* [About this exercise]
Transcribe exactly the lines from the one containing "Maison 6 pièces - 160 m² Bien prestige" through the end of the data, both included. Leave out pictures.

* [Data excerpt]
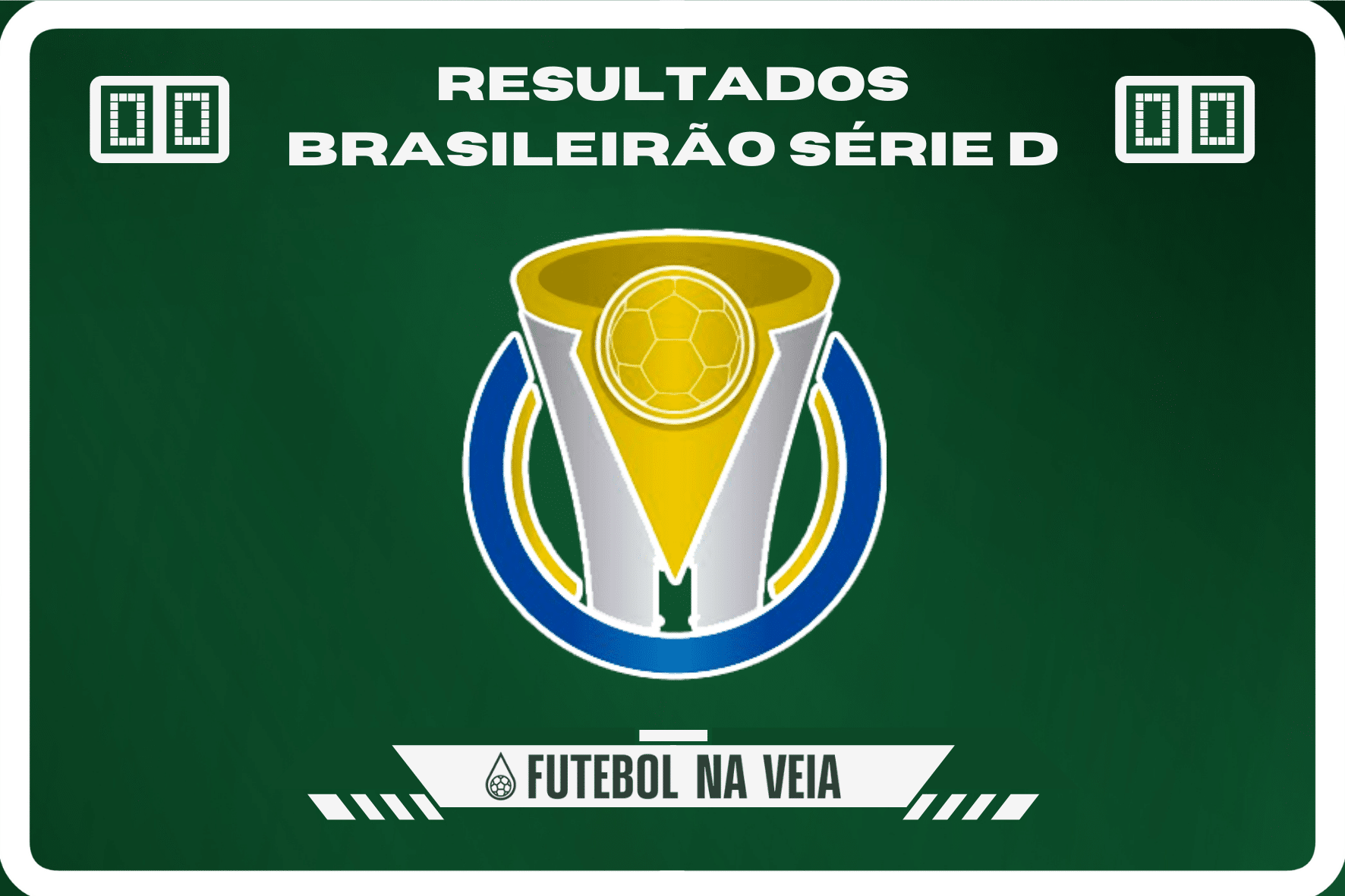 Confira o resultado da S&eacute;rie D do Brasileir&atilde;o 2023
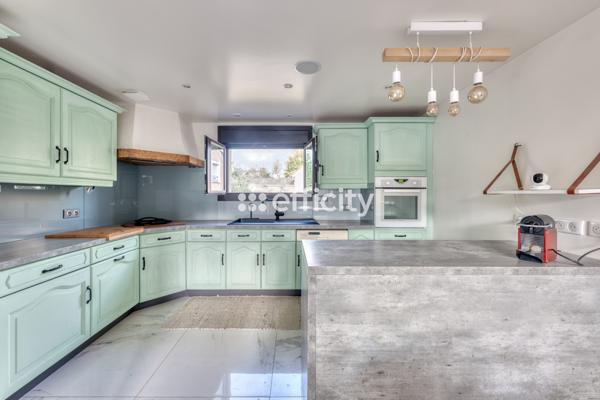 Maison 6 pièces - 160 m² Bien prestige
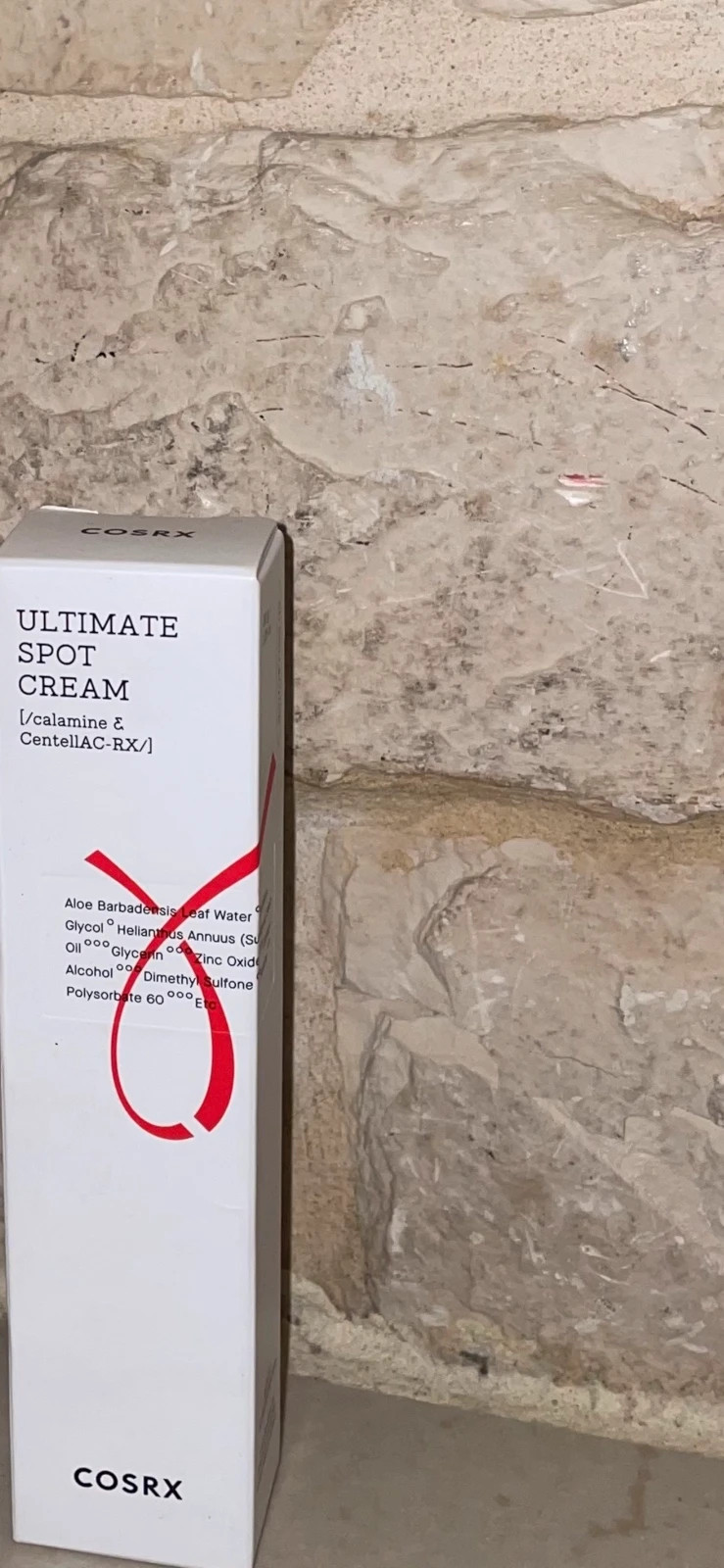 COSRX ultimate spot cream – COSRX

* [Exercise result]
 Maison 6 pièces - 160 m² Bien prestige
 COSRX ultimate spot cream – COSRX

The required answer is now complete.